Summary
If I’d just had a mother so I could say
Mother Mother
See Important Quotations Explained
Quentin Compson wakes up in his dorm room at Harvard,
hearing his watch ticking. He realizes that it is between seven
and eight o’clock in the morning. Quentin remembers his father giving
him the watch and saying that the watch might allow Quentin an occasional
moment when he could forget about time. He thinks about the inevitability
of his own awareness of time and remembers that St. Francis called
death his “Little Sister,” though, Quentin thinks, St. Francis never
had a sister. Quentin gets up briefly, then goes back to bed. He
has a memory of his sister Caddy’s wedding announcement: “Mr
and Mrs Jason Richmond Compson announce the marriage of. . . .” Caddy
was married in April, just two months ago.
Quentin’s roommate Shreve interrupts Quentin’s thoughts, appearing
in his doorway to remind him that the class bell will ring in only
two minutes.
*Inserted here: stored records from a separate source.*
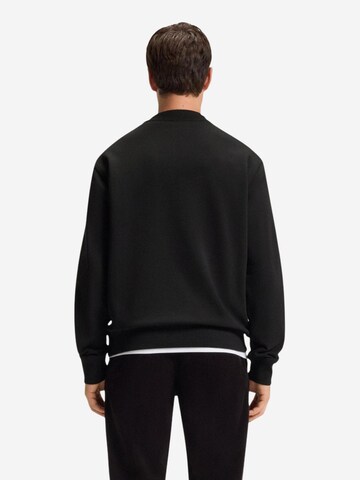 BOSS Sweatshirt 'WeSmallcrew' in Zwart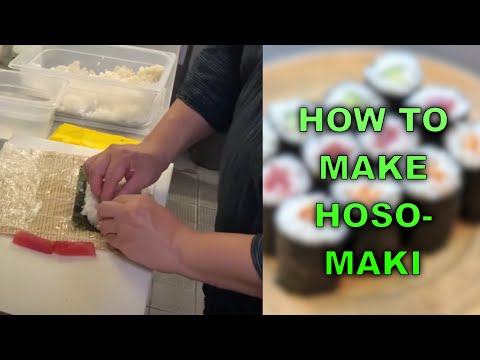 How to make “Hoso-Maki” / Wie man "Hoso-Maki" macht (Japanese Sushi) (Deustcher Untertitel)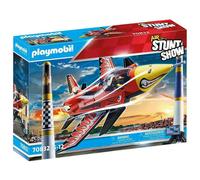Playmobil Air Stuntshow Jet Aigle 70832 – Avion, Personnage et Pylônes – Dès 5 Ans
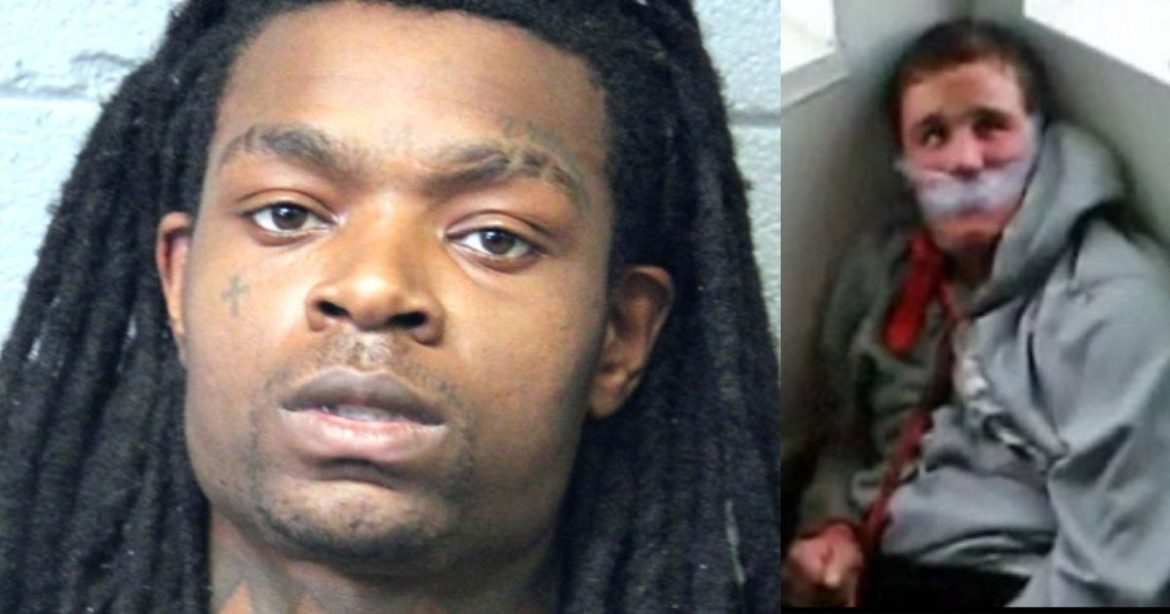 Worthless Racist Chicago Thug Who Livestreamed Brutal Torture of Disabled White Teen on Facebook Arrested for Beating and Mugging White Cyclist After Being Released from Prison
Quentin says he had no idea it was so late, and that
he will hurry to class. He tells Shreve not to wait for him. When Shreve
leaves, Quentin goes to the window and watches the students rushing
by. He spends a moment gazing at the unhurried Spoade, a Harvard
senior who once mocked Quentin’s virginity by calling Shreve his
husband. He thinks about both his and Caddy’s virginity.
Quentin suddenly remembers falsely confessing to his
father that he had committed incest, and that he, not Dalton Ames,
was the father of Caddy’s child. He muses on Dalton Ames’s name
and remembers his father telling him that his great tragic feelings
were meaningless and that there was no help to be had.
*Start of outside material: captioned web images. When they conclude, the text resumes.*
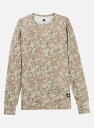 BURTON【バートン】 W MDWT CREW Snowfall Camo 25FW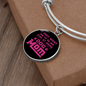 Just Dog Mom Pink Bracelet Stainless Steel or 18k Gold Circle Bangle-Express Your Love Gifts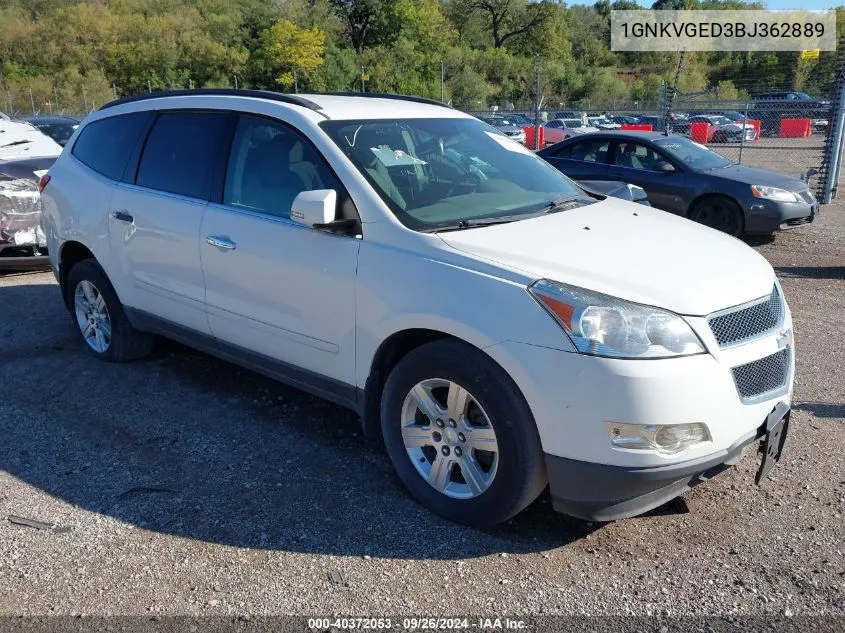 2011 Chevrolet Traverse VIN: 1GNKVGED3BJ362889 Lot: 40372053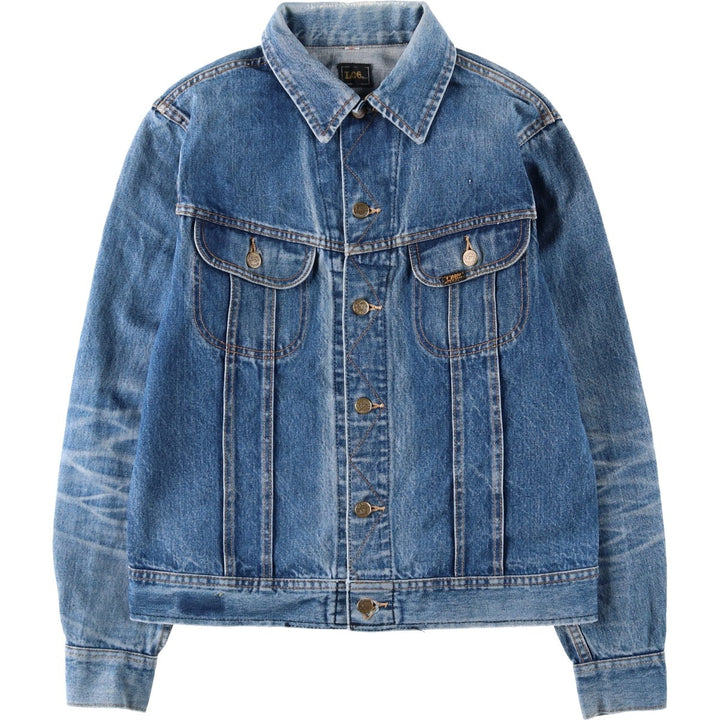 Lee RIDERS denim jacket (men's size M) unclear blue type Vintage Second Hand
Quentin breaks the glass face of his watch against the
corner of his dresser, cutting his finger in the process. The watch
continues to tick. Quentin cleans up the glass and then packs a
suitcase. He takes a bath and shaves. He puts the key to his trunk
in an envelope along with two notes, which he addresses to his father.
At the post office he mails the envelope, then tucks a similar note
to Shreve inside his front pocket. Outside, Quentin looks for Deacon,
a black man he knows, but when unable to find him he goes to a store
for breakfast. Quentin then goes into a clock shop and shows his
broken watch to the proprietor, but then tells the man not to fix
it. Quentin asks if any of the clocks in the window are correct,
but then asks not to be told what time it is.
Quentin buys a set of tailor’s weights, hoping they will
be “heavy enough,” but he does not say for what. He goes to the
train station and boards a train. As he rides, he remembers counting
the seconds to himself as a child in school. He remembers that he
never counted correctly, and never was able to guess exactly when
the bell would ring. Quentin briefly remembers the day Benjy’s name
was changed from Maury. The train stops and Quentin gets off. He
walks to a bridge and looks down at the water, thinking of shadows
and of drowning.
Quentin sees Gerald Bland, a swaggering Harvard student,
rowing across the river. Quentin goes through a series of painful
memories, thinking of Caddy’s promiscuity and her marriage to Herbert Head.
He remembers his mother’s letters about Caddy and Herbert, and Herbert’s
promise to give Jason a job in his bank. Quentin thinks vaguely
about his mother’s pride and emptiness, musing that Caddy never
had a real mother and that he himself could never turn to his mother
in times of need. Quentin finds Deacon, the black man he was seeking
earlier. He gives Deacon the note he has written for Shreve, and
asks him to take it to Shreve tomorrow.